Further, the SEC Whistleblower Program has a “related action” provision. Under that provision, a whistleblower who is otherwise eligible for an award related to a successful SEC enforcement action can also obtain an award in connection with so-called “related actions.” Related actions include those cases brought by the Department of Justice and certain other regulatory authorities which are based upon the same original information submitted by the whistleblower to the SEC and which lead to monetary sanctions exceeding $1 million. That is critical in the context of the FCPA given that FCPA enforcement is enforced by the SEC and DOJ. Thus, FCPA resolutions often include an SEC settlement and a separate resolution with the DOJ. Take, for example, a scenario where a whistleblower submits a tip to the SEC concerning Company X’s violations of the FCPA. The whistleblower’s original information results in successful enforcement actions. Company X agrees to pay $200 million in monetary sanctions as part of an SEC resolution and another $400 million in monetary sanctions as part of a related criminal resolution with the DOJ. In that scenario, an eligible whistleblower could obtain an award out of not just the $200 million SEC settlement but also the $400 million DOJ resolution (i.e., $600 million total).

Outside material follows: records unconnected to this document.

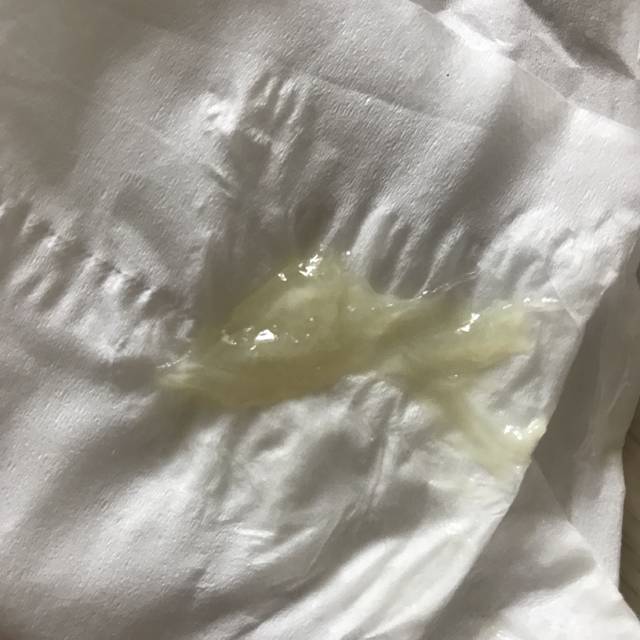 这个是宫颈粘液吧?有图慎入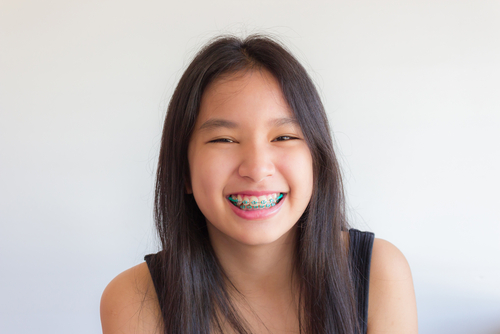 Traditional Metal Braces in Austin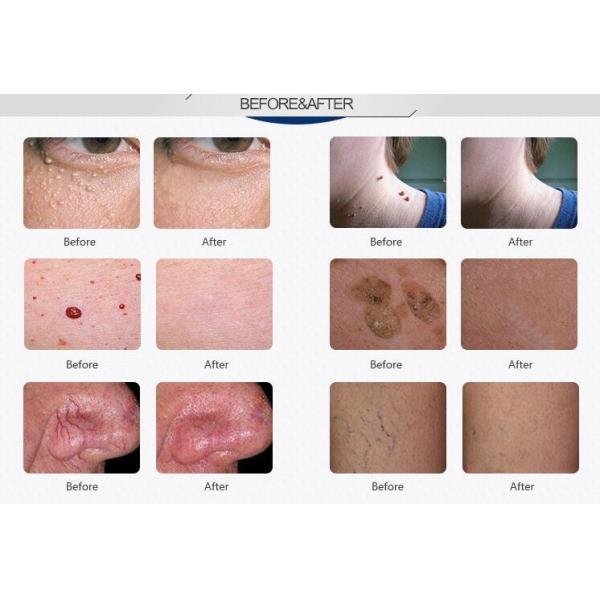 Most Effective 980nm laser Spider Vein Removal Device /high Frequency Vascular Removal/Vein Clearer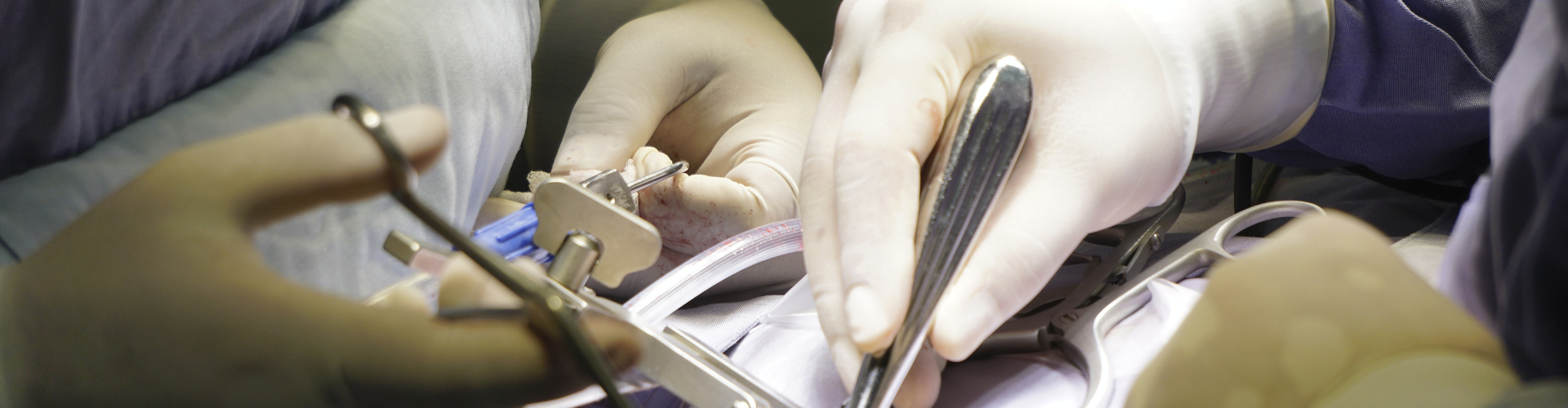 A Day in the Life of an Orthopaedic Spinal Expert Witness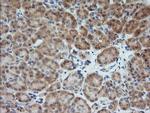MAP2K1 Antibody in Immunohistochemistry (Paraffin) (IHC (P))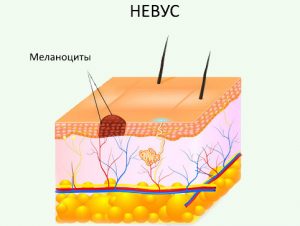 Строение невуса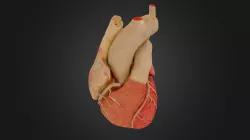 Heart Model
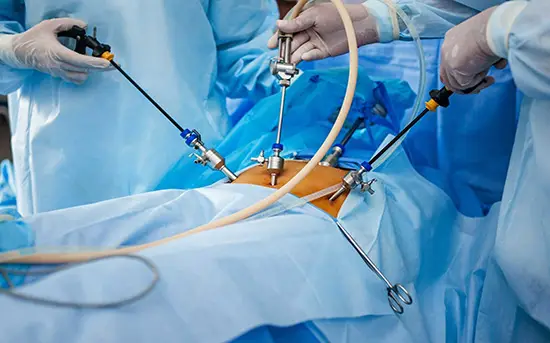 Is Laparoscopy Surgery Advantageous? Learn Here How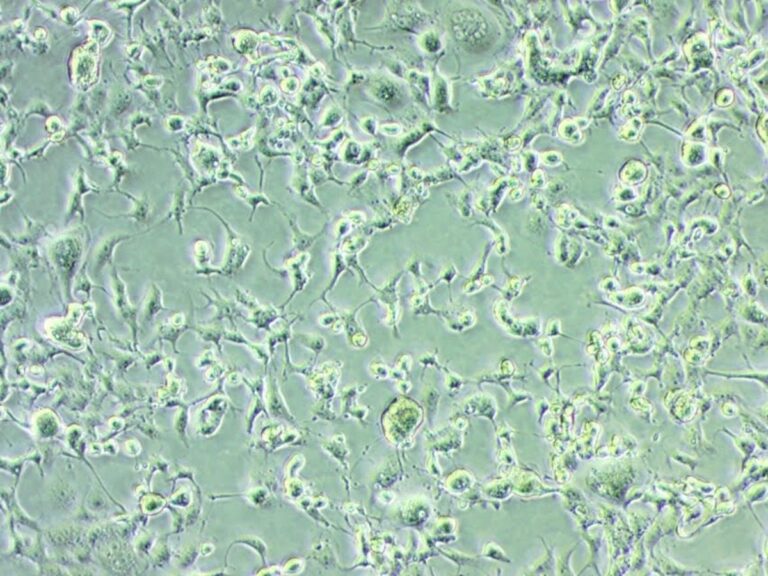 Covid, isolata in Puglia la variante Omicron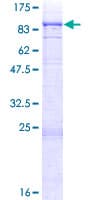 Human ITK / EMT Protein (Recombinant GST)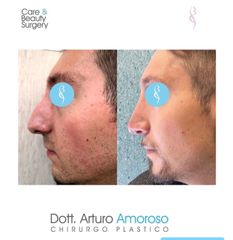 Rinoplastica - Dott. Arturo Amoroso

Given that FCPA cases can lead to sizable sanctions and eligible whistleblowers can be awarded between 10% and 30% of the covered monetary sanctions recovered, awards available to FCPA whistleblowers can be very robust.


III. Blowing the Whistle on FCPA Violations

 The SEC is keenly interested in hearing from individuals with valuable information concerning FCPA violations. Virtually anyone can be an FCPA whistleblower.  FCPA whistleblowers can be American or foreign citizens. Indeed, given that violations of the FCPA largely occur on foreign soil, a foreign citizen may an ideal whistleblower. The scope of the statute is worldwide (i.e., it is not limited to developing countries), but the FCPA has often targeted corrupt payments in developing countries. That is consistent with the fact that in many developing countries the bribery of government officials is more common.

Whistleblowers are not required to be corporate insiders either. What matters most is that the whistleblower has valuable original information and that such information is relayed to relevant regulators in the most clear and persuasive manner possible.

Before deciding whether to file an FCPA-related whistleblower claim, it is typically prudent to discuss your options with an experienced whistleblower attorney. Experience counsel can address the risks and benefits of submitting a whistleblower tip to the SEC. Further, a whistleblower who is represented by counsel is permitted to file an SEC tip anonymously while remaining eligible for an award.

Each year, the SEC receives thousands of tips from whistleblowers. In fact, the SEC received over 12,300 tips from whistleblowers in fiscal year 2022. The SEC pursues only a small number of whistleblower tips and issues awards to an even smaller number of whistleblowers. That makes submission of a forceful and convincing whistleblower tip even more critical. A whistleblower must ensure that his or her submission stands out among the thousands of other tips received by the SEC’s whistleblower office and gets a fair review.